The ICDPA grants consumers four main rights, including access to their personal data, the right to delete their data, the right to data portability, and the right to opt out of the sale of personal data.
There are exemptions for entities governed by existing federal laws, such as HIPAA and COPPA, as well as state government entities, financial institutions, higher education institutions, and non-profit organisations. Unlike the CCPA, the law does not include rights such as correction, opting out of automated decision-making and profiling, or granting consumers a private right of action.
Montana: The Consumer Data Privacy Act (MTCDPA)
The MTCDPA grants consumers the right to revoke their consent to data processing, opt out of sales of personal data and targeted advertising, and request the deletion of all personal data held by businesses.
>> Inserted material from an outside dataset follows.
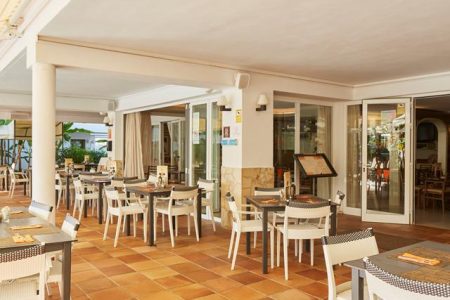 Invisa Aparthotel Casa Luis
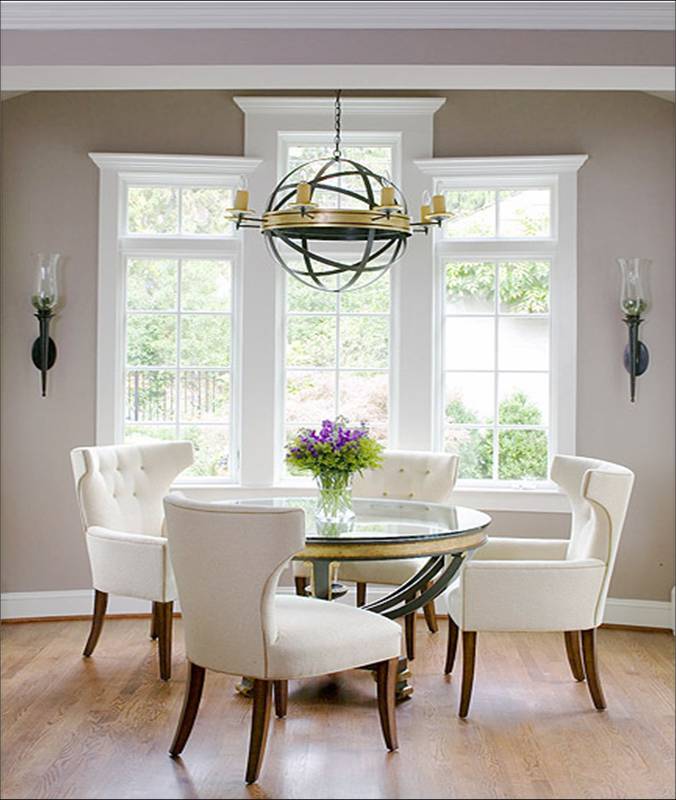 Gold accents for round dining table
It also prohibits the sale or processing of personal data of minors aged 13 to 16 for targeted advertising without consent.
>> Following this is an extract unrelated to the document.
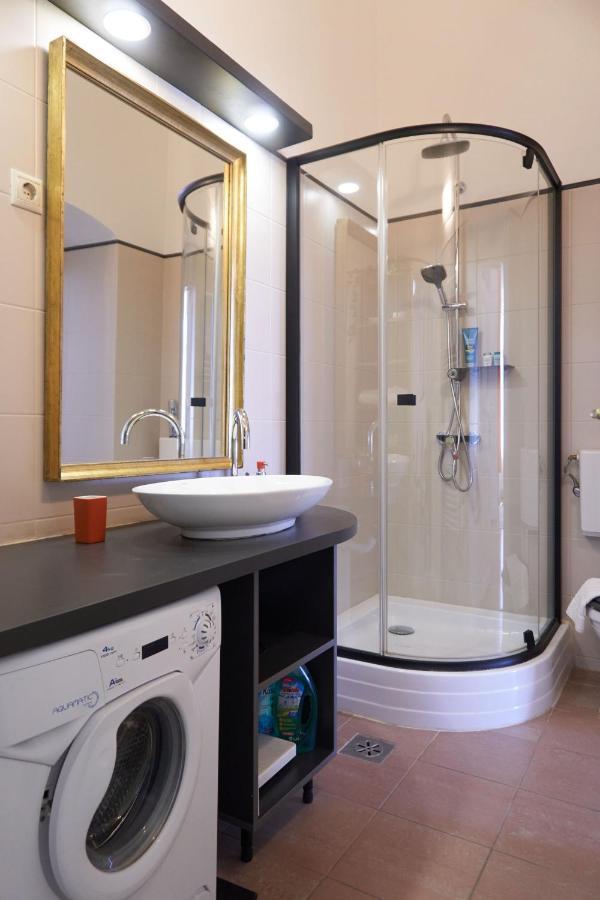 Ili Apartment بودابست المظهر الخارجي الصورة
The law applies to companies that control or process the personal data of at least 50,000 Montana residents or at least 25,000 Montana residents while deriving more than 25% of gross revenue from the sale of personal data.
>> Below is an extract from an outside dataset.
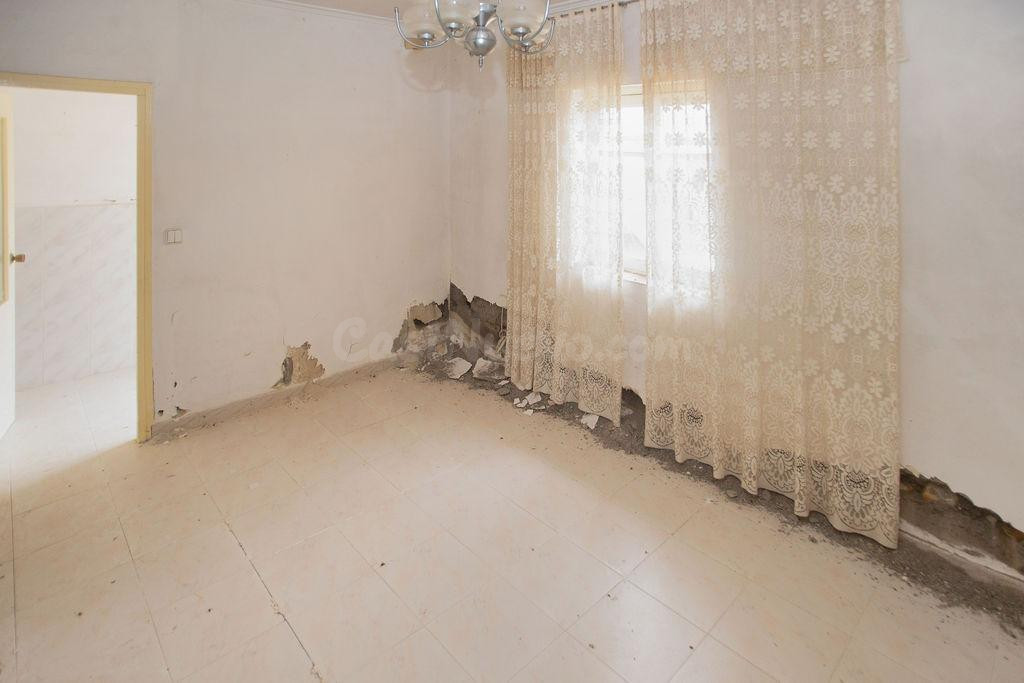 CASA PARA REFORMAR COMPLETAMENTE EN FABERO DEL BIERZO - foto 5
This law will be in effect in October 2024.
Tennessee: The Information Protection Act (TIPA)
Passed by the Tennessee State Senate in April 2023 and becoming effective in July 2025, the TIPA introduces various requirements for businesses operating in Tennessee - including risk assessments, data minimisation, clear privacy notices, and obtaining opt-in consent for processing sensitive personal information.
The TIPA grants consumers several personal information rights, including the right to know, access, correct, and delete. As well as data portability, the right to opt out of sales, targeted advertising, and profiling.
Like Connecticut’s data privacy law, businesses must respond to consumer requests within 45 days, with a possible extension of an additional 45 days. They are also required to conduct data protection assessments for certain processing activities, such as targeted advertising, sale of personal information, profiling, and processing of sensitive data.
Enforcement of the TIPA will be carried out by the Tennessee Attorney General, with a 60-day cure period provided for violations. Failure to remediate violations within this period may result in civil penalties of up to $7,500 per violation. There is no private right of action under this law.
Utah: The Consumer Privacy Act (UCPA)
The UCPA is similar in some aspects to the consumer privacy laws in California, Virginia, and Colorado but takes a lighter and more business-friendly approach to consumer privacy.
The law applies to controllers or processors who conduct business in Utah, have an annual revenue of $25 million or more, and either control or process personal data of 100,000 or more consumers or derive over 50% of their gross revenue from the sale of personal data and control or process personal data of 25,000 or more consumers.
The UCPA provides consumer rights including the right to access, delete, and obtain a copy of personal data, as well as the right to opt out of targeted advertising and the sale of personal data. However, the right to correct inaccuracies in personal data is absent from the UCPA.
The law contains both entity-level and data-level exemptions, exempting institutions of higher education, nonprofits, covered entities under HIPAA, financial institutions under the Gramm-Leach-Bliley Act, government entities, and certain other categories.
In comparison to other laws, the UCPA does not require consent for processing sensitive personal data, though controllers must clearly notify consumers and provide the opportunity to opt out of this processing.
Until comprehensive federal legislation is enacted, organisations must navigate the intricacies of state-specific data privacy laws to ensure compliance and avoid potential fines. Data privacy is a dynamic and evolving field, and adapting practices to align with the changing legal landscape is important. By proactively engaging with privacy regulations, organisations can safeguard consumer data, build trust with their customers, and mitigate the risk of penalties.